## Supplied material:

☆ ☆ ☆

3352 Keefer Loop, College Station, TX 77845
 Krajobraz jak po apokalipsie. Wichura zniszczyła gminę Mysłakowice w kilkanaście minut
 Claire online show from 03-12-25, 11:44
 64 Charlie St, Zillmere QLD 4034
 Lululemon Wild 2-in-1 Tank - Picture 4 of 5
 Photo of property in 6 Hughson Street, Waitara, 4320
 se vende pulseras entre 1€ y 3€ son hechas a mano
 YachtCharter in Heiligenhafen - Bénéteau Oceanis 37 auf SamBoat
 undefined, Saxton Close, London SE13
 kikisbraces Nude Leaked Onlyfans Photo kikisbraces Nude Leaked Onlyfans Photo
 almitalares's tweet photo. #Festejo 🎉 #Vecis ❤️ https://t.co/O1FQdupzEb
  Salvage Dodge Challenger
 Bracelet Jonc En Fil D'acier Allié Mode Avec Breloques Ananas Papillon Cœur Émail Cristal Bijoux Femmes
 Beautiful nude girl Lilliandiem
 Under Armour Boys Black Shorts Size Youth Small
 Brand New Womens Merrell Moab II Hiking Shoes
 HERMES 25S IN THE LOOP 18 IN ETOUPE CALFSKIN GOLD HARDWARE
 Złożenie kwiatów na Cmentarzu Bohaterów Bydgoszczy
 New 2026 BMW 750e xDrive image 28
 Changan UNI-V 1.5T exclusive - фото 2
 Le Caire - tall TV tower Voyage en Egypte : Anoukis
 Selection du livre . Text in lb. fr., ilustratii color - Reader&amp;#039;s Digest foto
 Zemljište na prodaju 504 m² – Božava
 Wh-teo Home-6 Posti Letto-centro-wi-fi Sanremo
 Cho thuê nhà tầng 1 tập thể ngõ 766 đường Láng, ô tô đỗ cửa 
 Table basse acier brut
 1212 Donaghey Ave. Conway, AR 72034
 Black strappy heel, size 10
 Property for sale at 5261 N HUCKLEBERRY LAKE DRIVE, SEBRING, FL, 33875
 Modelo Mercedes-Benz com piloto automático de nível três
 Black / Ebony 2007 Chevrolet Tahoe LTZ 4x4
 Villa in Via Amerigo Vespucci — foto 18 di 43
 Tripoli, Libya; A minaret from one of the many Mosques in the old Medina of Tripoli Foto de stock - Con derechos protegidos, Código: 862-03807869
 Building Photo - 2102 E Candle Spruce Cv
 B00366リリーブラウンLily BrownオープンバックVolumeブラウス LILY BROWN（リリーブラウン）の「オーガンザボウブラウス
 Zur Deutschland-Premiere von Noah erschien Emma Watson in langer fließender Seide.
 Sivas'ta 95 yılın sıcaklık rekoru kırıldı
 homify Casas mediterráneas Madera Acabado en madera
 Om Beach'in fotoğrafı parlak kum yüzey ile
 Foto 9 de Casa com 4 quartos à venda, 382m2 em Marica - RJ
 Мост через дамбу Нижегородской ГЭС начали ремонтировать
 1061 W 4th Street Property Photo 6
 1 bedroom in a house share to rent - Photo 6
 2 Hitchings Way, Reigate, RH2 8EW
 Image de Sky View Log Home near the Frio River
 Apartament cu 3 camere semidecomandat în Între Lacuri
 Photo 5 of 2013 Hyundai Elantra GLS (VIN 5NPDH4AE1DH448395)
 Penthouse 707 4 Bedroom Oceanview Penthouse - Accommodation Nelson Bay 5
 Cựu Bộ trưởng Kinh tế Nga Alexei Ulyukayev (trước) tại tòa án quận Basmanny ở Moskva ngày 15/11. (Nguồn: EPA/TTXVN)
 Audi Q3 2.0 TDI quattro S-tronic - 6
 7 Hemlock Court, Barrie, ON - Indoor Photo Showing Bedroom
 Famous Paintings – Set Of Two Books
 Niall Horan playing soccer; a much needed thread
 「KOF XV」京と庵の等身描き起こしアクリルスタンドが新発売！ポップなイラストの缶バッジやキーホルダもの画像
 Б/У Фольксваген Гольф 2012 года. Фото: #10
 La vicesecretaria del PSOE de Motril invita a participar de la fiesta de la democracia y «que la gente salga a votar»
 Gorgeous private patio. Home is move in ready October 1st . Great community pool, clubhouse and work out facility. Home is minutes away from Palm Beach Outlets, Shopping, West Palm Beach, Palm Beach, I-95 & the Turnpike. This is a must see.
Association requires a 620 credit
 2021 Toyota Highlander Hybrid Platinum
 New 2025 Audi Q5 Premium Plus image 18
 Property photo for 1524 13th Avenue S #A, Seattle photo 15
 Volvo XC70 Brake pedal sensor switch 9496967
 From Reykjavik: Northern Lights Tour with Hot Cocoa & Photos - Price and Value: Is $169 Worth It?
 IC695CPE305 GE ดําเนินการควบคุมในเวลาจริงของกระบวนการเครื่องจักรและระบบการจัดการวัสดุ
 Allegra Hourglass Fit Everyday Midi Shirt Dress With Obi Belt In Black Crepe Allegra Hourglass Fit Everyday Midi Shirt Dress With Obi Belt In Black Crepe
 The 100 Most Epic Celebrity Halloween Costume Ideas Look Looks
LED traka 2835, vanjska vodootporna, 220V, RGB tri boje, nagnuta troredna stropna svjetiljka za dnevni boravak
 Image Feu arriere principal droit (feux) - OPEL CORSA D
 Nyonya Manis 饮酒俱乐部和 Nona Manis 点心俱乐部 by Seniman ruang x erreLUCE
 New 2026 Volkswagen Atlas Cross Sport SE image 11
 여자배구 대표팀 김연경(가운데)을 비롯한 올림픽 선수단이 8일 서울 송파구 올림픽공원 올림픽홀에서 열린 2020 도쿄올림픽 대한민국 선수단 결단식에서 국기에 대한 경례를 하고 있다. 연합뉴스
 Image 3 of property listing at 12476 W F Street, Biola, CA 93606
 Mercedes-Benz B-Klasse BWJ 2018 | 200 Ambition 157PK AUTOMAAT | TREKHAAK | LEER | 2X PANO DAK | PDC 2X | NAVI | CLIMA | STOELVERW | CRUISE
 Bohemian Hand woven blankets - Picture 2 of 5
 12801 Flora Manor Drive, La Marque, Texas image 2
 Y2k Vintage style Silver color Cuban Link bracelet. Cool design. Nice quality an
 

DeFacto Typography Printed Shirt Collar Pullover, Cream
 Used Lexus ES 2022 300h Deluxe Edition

☆ ☆ ☆

In the entries above, the lines from the one bearing "HERMES 25S IN" up to and including the one bearing "Б/У Фольксваген Гольф 2012 года. Фото: #10" should be transcribed exactly; no other line is wanted.

## Exercise output:
 HERMES 25S IN THE LOOP 18 IN ETOUPE CALFSKIN GOLD HARDWARE
 Złożenie kwiatów na Cmentarzu Bohaterów Bydgoszczy
 New 2026 BMW 750e xDrive image 28
 Changan UNI-V 1.5T exclusive - фото 2
 Le Caire - tall TV tower Voyage en Egypte : Anoukis
 Selection du livre . Text in lb. fr., ilustratii color - Reader&amp;#039;s Digest foto
 Zemljište na prodaju 504 m² – Božava
 Wh-teo Home-6 Posti Letto-centro-wi-fi Sanremo
 Cho thuê nhà tầng 1 tập thể ngõ 766 đường Láng, ô tô đỗ cửa 
 Table basse acier brut
 1212 Donaghey Ave. Conway, AR 72034
 Black strappy heel, size 10
 Property for sale at 5261 N HUCKLEBERRY LAKE DRIVE, SEBRING, FL, 33875
 Modelo Mercedes-Benz com piloto automático de nível três
 Black / Ebony 2007 Chevrolet Tahoe LTZ 4x4
 Villa in Via Amerigo Vespucci — foto 18 di 43
 Tripoli, Libya; A minaret from one of the many Mosques in the old Medina of Tripoli Foto de stock - Con derechos protegidos, Código: 862-03807869
 Building Photo - 2102 E Candle Spruce Cv
 B00366リリーブラウンLily BrownオープンバックVolumeブラウス LILY BROWN（リリーブラウン）の「オーガンザボウブラウス
 Zur Deutschland-Premiere von Noah erschien Emma Watson in langer fließender Seide.
 Sivas'ta 95 yılın sıcaklık rekoru kırıldı
 homify Casas mediterráneas Madera Acabado en madera
 Om Beach'in fotoğrafı parlak kum yüzey ile
 Foto 9 de Casa com 4 quartos à venda, 382m2 em Marica - RJ
 Мост через дамбу Нижегородской ГЭС начали ремонтировать
 1061 W 4th Street Property Photo 6
 1 bedroom in a house share to rent - Photo 6
 2 Hitchings Way, Reigate, RH2 8EW
 Image de Sky View Log Home near the Frio River
 Apartament cu 3 camere semidecomandat în Între Lacuri
 Photo 5 of 2013 Hyundai Elantra GLS (VIN 5NPDH4AE1DH448395)
 Penthouse 707 4 Bedroom Oceanview Penthouse - Accommodation Nelson Bay 5
 Cựu Bộ trưởng Kinh tế Nga Alexei Ulyukayev (trước) tại tòa án quận Basmanny ở Moskva ngày 15/11. (Nguồn: EPA/TTXVN)
 Audi Q3 2.0 TDI quattro S-tronic - 6
 7 Hemlock Court, Barrie, ON - Indoor Photo Showing Bedroom
 Famous Paintings – Set Of Two Books
 Niall Horan playing soccer; a much needed thread
 「KOF XV」京と庵の等身描き起こしアクリルスタンドが新発売！ポップなイラストの缶バッジやキーホルダもの画像
 Б/У Фольксваген Гольф 2012 года. Фото: #10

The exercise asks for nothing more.